Todas estas ações referentes à resiliência implicam em custos adicionais, e será importante criar uma “folga” tarifária para que os consumidores possam absorvê-los. Isso significa que o planejamento, através de análises de benefício-custo entre as opções tecnológicas, deve evitar que o consumidor pague por custos que não precisa e buscar que se pague o menos possível para aquilo que precisa. Além disso, para que estes investimentos sejam mais acessíveis aos consumidores, é fundamental buscar a redução dos subsídios carregados pelas tarifas2, bem como opções de financiamento externo às tarifas.

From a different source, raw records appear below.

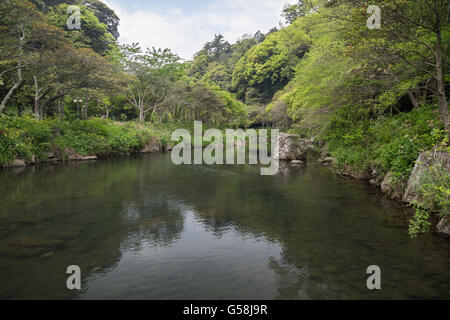 Vista del fiume Cheonjiyeon e alberi verdeggianti nei pressi di Cheonjiyeon cade sull'Isola di Jeju in Corea del Sud. Foto Stock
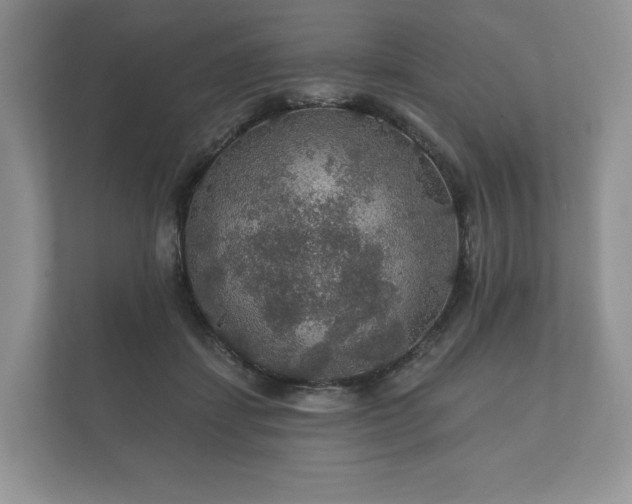 X0000112430459200908211204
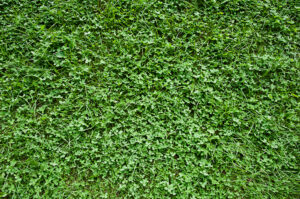 Patch of clover in a lawn, with Dr. Green Services offering help to remove it and restore a healthy lawn.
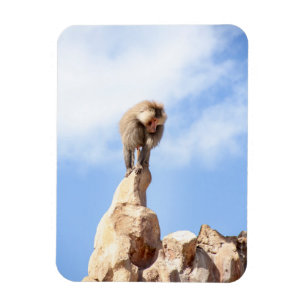 Pavianaffe auf einem Berggipfel Magnet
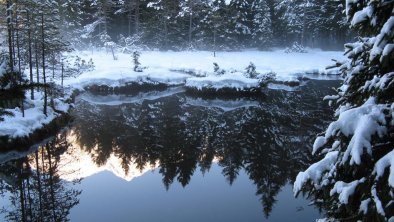 Wildsee Seefeld, © M.J. de Ruiter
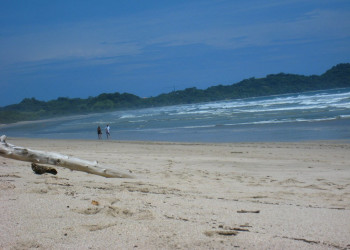 Плайя Носара, Гуанакасте провинция, Коста-Рика, фото № 39643 – фотографии Коста-Рики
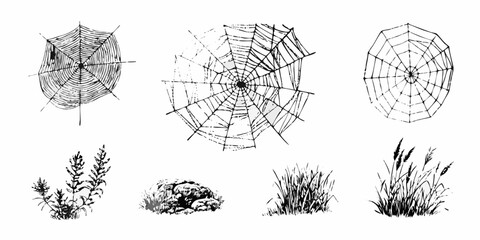 Collection of hand drawn black and white spiderwebs grasses rocks and plants elements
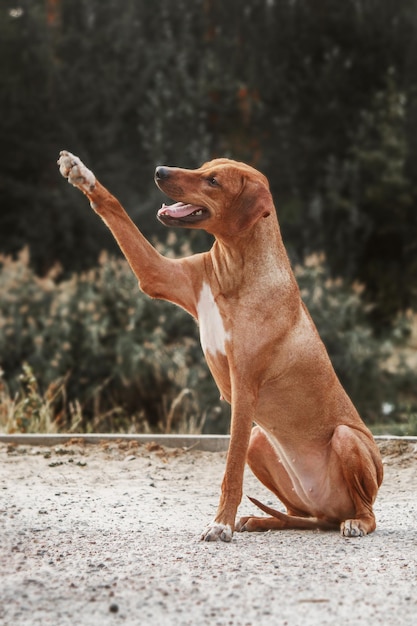 Rhodesian Ridgeback dog outdoor portrait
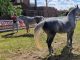 Arabian horse show carmagnola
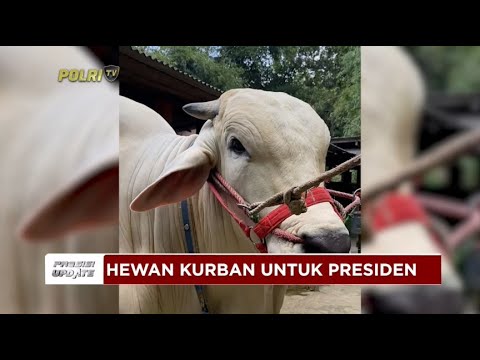 PRESISI UPDATE : HEWAN KURBAN PRESIDEN RI 11/06/2024 20.00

Também são relevantes as ações que transcendem o setor elétrico. Como exemplo, há a necessidade de ampliar as medições climáticas em todo o país (medições de vento e chuva são particularmente pobres por aqui) e de aprimorar os modelos de previsão climática com técnicas matemáticas avançadas, capazes de lidar melhor com as extremas incertezas que o aquecimento global traz.
Em suma, mesmo mantendo a esperança de que a mitigação das mudanças climáticas possa vir no longo prazo, no curto e médio prazo o clima mudará e seus efeitos sobre os eventos extremos parecem inevitáveis. Assim, é cada vez mais importante trazer resiliência e flexibilidade ao sistema elétrico, o que exigirá novas tecnologias e ainda mais eficiência e inteligência no planejamento. Ainda que haja pressão sobre investimentos e custos, é possível buscar a melhor equação benefício-custo neste processo.
* Angela Gomes é engenheira, com MBA em Finanças Corporativas, diretora técnica da PSR e atua no setor elétrico há mais de 20 anos.